Technology Structure
Some organisations have the tendency to view technology as the “silver bullet” that can solve all their operating and compliance problems. While technology can deliver significant and measurable business returns if it is chosen and implemented correctly, the reverse can also be true.
As an enabler for facilitating process changes and compliance, the technological solution should be able to undertake the following functions:
• Schedule and automate the workflow of compliance initiatives; • Monitor and report exposure and status of business risk; • Support a cost effective infrastructure that is easy to be used and modified; • Facilitate financial transparency and good corporate governance; • Manage disclosure and control processes; • Provide visibility to process flow; • Support effective document and records management;
Recognising the challenges faced by IT executives in implementing IT solutions to drive operational efficiency and regulatory compliance, the IT Governance Institute (ITGI) and Information Systems Audit and Control Association (Isaca) have developed an IT governance framework called Control Objectives for Information and related Technology (COBIT).

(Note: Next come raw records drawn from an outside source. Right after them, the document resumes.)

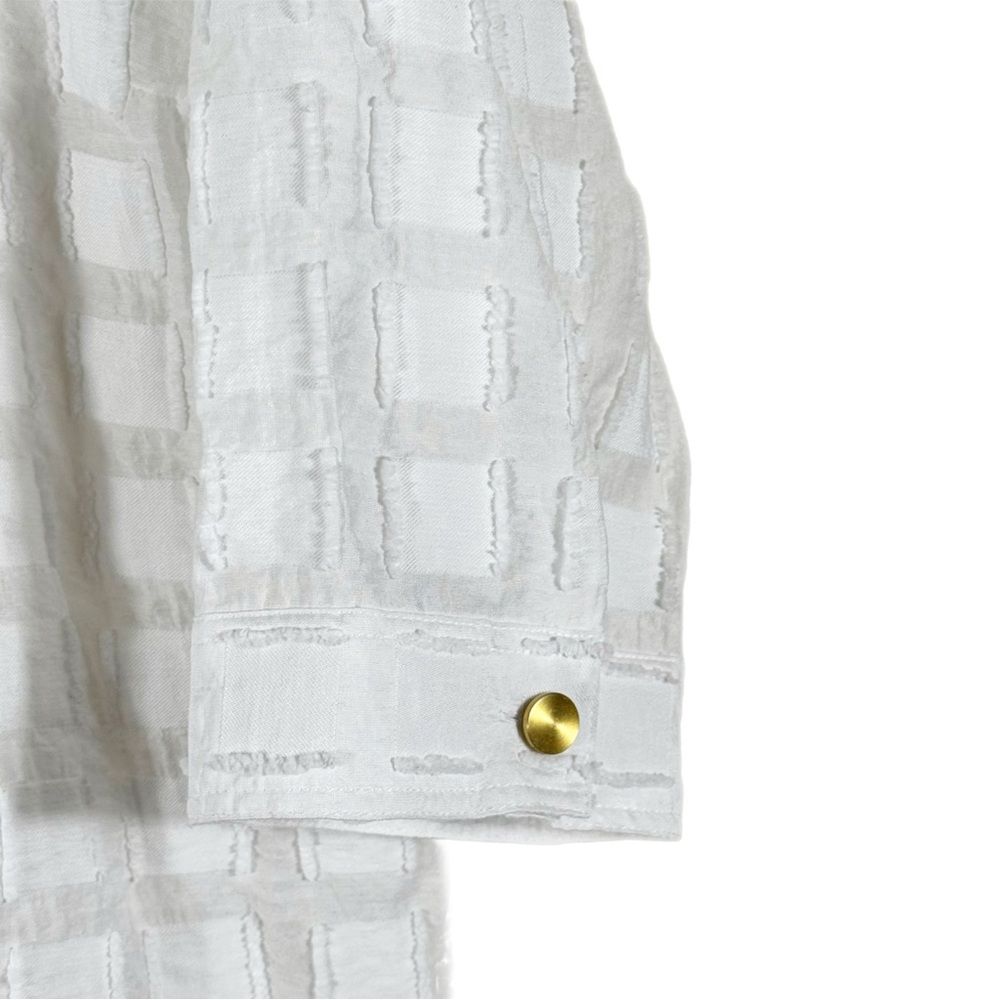Chico’s Traveler’s Sheer Textured Geometric Button Up Shirt XL (Chico’s 3) White - Picture 4 of 8
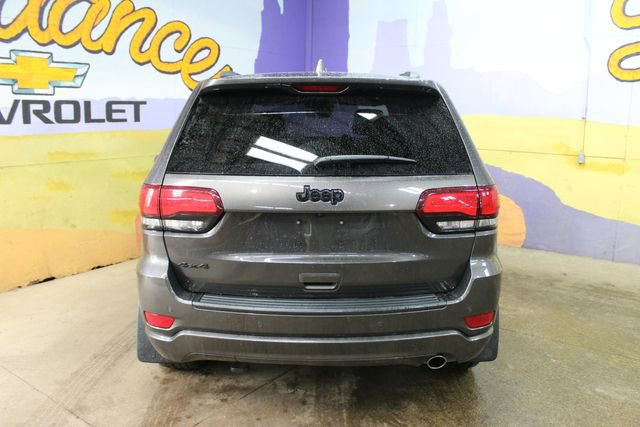 Used 2020 Jeep Grand Cherokee Altitude AWD/4WD image 7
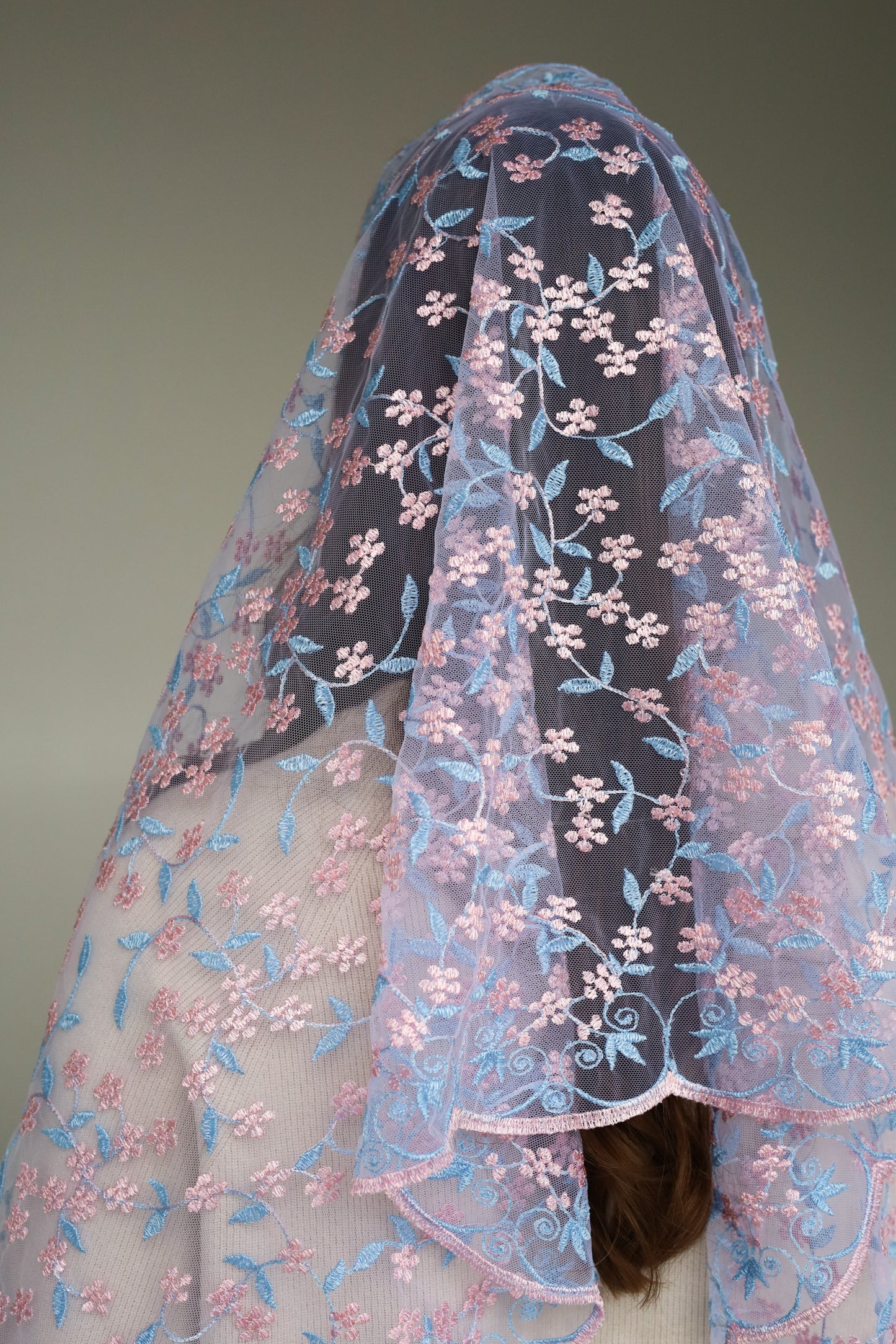 EXTRA LONG PINK & BLUE VEIL - MariaVeils
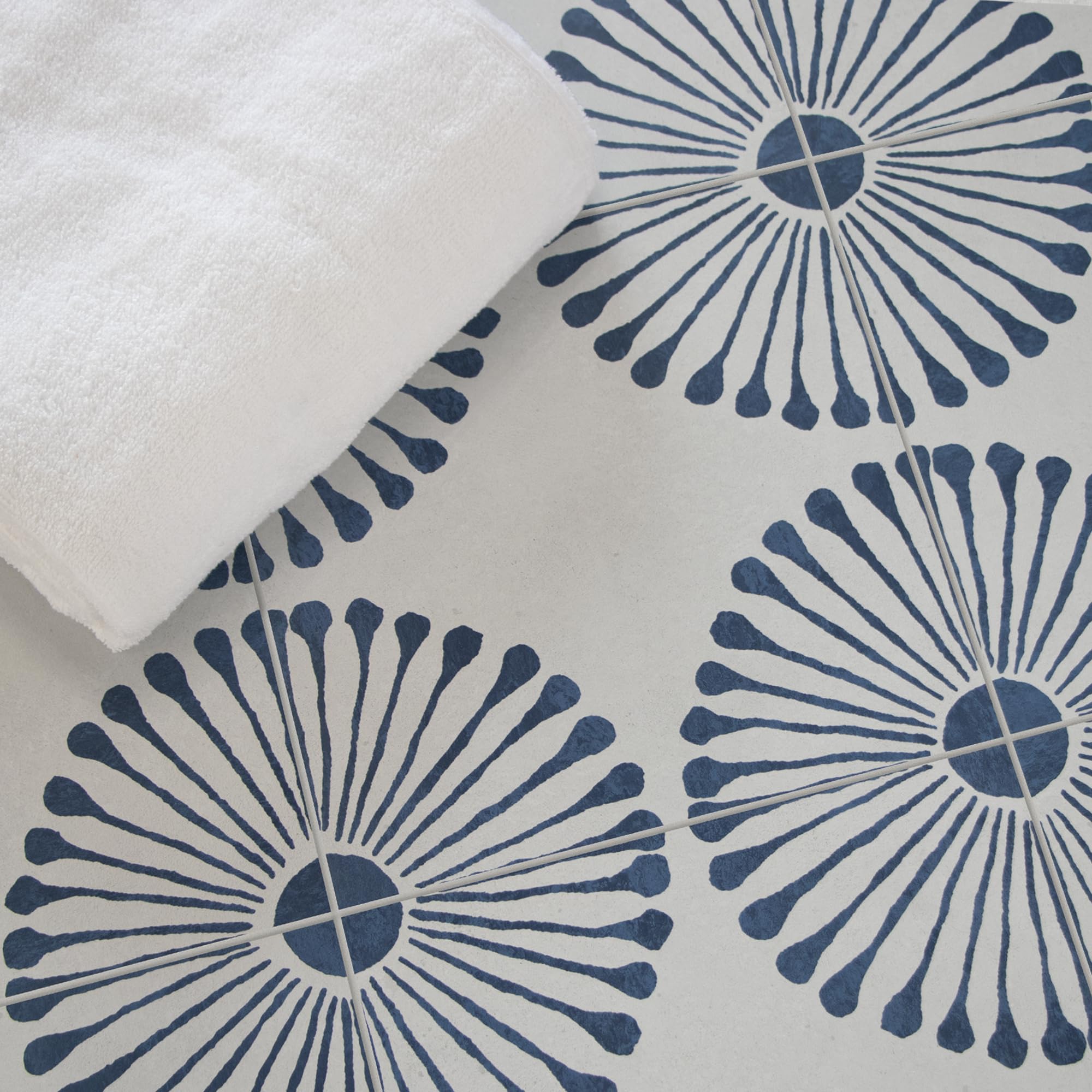 Azulejos de suelo y pared para baño y cocina, vinilo SPC, autoadhesivo, 9 x 9 pulgadas, diseño de girasol azul, 16 azulejos, 9.12 pies cuadrados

According to Isaca’s definition, COBIT is a supporting toolset that allows managers to bridge the gap between control requirements, technical issues and business risks. COBIT enables companies to establish IT best practices throughout the organisation and better align IT projects with business imperatives. It provides an easy-to understand overview of the organisation’s IT infrastructure for non-technical business managers, helping them to get the most value from the IT projects.
Beyond Compliance: Enterprise Risk Management
Globalisation and the outsourcing phenomenon mean that organisations and business processes will become more complex. With new incidents of breach of corporate governance being reported regularly and with businesses operating across different political, economic and legal environment, the trend towards more rather than less regulations will continue.
Companies that have implemented sustainable compliance programmes find that they can reap more substantial benefits than just satisfying regulators. By leveraging their optimized business processes and enterprise-wide IT alignment, companies can establish enterprise wide risk management initiatives that can drive greater shareholder value.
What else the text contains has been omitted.